- Sue Tuohy
- Classroom-Office Building 203
- Days and Times
- 1:00P-2:15P TR
- Course Description
In spite of media reports telling us that “Chinese culture is like this” and “Chinese people do or think that”, both China and Chinese are diverse. Differences in regional and ethnic groups are pervasive topics of conversation among Chinese, have become the focus on tourism and cultural preservation programs, and often are celebrated through the rhetoric of multiculturalism. But difference and perceptions of otherness also have contributed to conflicts between groups in China as well as between groups and Chinese central governments.

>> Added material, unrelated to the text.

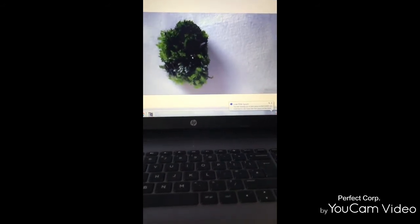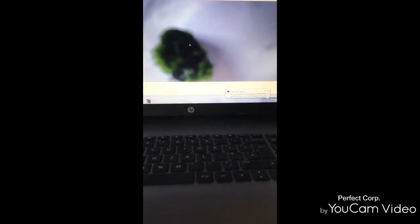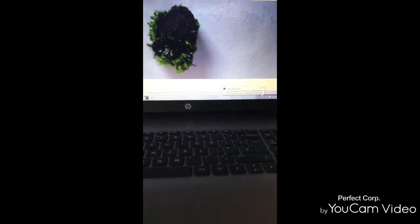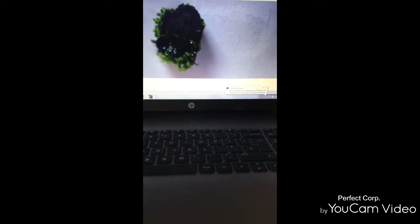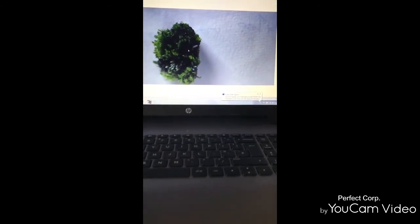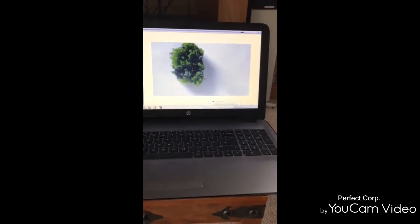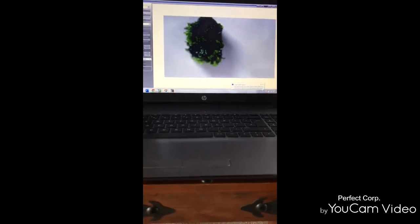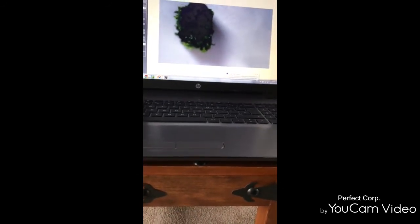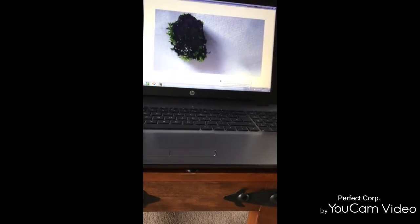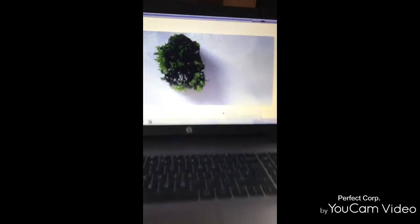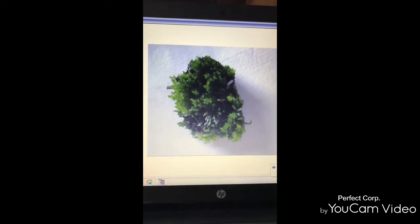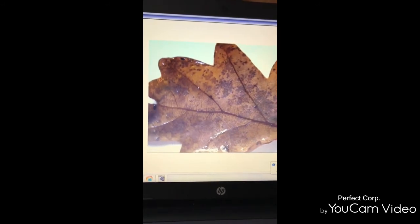And you can focus by turning the black middle piece. This is a piece of moss that I've just got out of the garden. This is a leaf.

“Cultural Diversity in China” provides students with opportunities to learn about diverse groups, worldviews, and practices in contemporary China through studying about diverse forms of identity and difference--from regional, ethnic, gender, religious, generational, and linguistic to rural and urban and local and national. Many class sessions will emphasize artistic and expressive forms (such as music and folklore, film and television, festivals and food, and cultural heritage) as well as the roles they play in representing people and places in China. Among the broad questions to be addressed are: What is China? Who are Chinese (and who aren’t)? What is Chinese culture (and who says)? And how does our understanding of the factors that contribute to both diversity and unity within China help us to understand more broadly the processes through which identities and images of “otherness” are conceptualized, constructed, and represented?